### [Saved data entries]
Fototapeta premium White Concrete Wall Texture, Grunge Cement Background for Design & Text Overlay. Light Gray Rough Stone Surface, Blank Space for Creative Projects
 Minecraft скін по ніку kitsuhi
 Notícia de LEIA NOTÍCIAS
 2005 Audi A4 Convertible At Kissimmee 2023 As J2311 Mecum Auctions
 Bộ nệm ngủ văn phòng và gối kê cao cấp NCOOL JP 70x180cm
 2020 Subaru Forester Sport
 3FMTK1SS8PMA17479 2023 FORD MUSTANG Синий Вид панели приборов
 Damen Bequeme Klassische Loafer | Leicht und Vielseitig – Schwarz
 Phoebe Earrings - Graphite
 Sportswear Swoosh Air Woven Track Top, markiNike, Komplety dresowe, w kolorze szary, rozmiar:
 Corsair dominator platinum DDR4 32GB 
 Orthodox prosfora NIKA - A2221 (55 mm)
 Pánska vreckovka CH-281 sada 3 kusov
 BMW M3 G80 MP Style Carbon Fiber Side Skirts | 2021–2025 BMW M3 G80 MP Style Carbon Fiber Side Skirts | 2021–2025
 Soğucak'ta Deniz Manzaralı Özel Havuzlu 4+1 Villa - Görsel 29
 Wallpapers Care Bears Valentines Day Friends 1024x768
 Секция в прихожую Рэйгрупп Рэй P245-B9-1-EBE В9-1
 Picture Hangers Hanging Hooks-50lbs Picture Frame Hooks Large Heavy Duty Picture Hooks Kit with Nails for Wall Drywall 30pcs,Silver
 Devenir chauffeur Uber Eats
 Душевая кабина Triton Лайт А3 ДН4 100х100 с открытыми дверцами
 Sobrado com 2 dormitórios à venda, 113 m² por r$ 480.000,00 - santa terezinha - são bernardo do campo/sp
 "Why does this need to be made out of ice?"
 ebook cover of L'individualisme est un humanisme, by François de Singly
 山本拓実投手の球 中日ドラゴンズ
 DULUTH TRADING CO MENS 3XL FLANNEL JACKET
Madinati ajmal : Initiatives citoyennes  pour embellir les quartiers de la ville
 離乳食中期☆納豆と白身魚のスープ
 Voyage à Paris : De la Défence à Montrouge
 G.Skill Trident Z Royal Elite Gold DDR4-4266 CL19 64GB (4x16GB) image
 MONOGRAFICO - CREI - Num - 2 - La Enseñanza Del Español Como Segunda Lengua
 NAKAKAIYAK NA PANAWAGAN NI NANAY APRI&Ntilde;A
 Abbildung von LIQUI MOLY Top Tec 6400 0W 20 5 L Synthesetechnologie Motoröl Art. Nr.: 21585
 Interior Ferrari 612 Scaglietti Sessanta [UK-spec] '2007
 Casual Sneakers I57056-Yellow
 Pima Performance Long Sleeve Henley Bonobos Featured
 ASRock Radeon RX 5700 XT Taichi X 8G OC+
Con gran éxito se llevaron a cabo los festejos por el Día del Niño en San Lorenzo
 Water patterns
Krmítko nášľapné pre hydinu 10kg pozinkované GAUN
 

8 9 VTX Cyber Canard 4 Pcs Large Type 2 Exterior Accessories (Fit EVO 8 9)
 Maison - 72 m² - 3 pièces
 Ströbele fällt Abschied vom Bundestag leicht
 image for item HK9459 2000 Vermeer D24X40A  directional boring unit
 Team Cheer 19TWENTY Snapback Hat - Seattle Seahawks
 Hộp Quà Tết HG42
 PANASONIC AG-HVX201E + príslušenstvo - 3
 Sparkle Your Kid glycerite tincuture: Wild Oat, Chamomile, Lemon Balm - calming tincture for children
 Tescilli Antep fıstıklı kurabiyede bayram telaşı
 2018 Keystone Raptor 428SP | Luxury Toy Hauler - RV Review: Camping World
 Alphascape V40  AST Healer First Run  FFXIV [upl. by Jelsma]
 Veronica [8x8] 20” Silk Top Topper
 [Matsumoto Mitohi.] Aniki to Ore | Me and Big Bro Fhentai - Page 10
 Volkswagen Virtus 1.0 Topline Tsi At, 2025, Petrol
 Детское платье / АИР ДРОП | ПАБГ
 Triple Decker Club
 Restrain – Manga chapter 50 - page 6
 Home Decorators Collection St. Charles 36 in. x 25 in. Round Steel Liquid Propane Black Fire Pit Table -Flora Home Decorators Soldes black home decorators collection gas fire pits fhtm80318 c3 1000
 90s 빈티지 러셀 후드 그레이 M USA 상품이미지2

### [Requirement]
Each line in the entries above, starting at the line with "Corsair dominator platinum DDR4 32GB" and ending at the line with "Soğucak'ta Deniz Manzaralı", is to be printed exactly, and only those lines.

### [Solution for this problem]
 Corsair dominator platinum DDR4 32GB 
 Orthodox prosfora NIKA - A2221 (55 mm)
 Pánska vreckovka CH-281 sada 3 kusov
 BMW M3 G80 MP Style Carbon Fiber Side Skirts | 2021–2025 BMW M3 G80 MP Style Carbon Fiber Side Skirts | 2021–2025
 Soğucak'ta Deniz Manzaralı Özel Havuzlu 4+1 Villa - Görsel 29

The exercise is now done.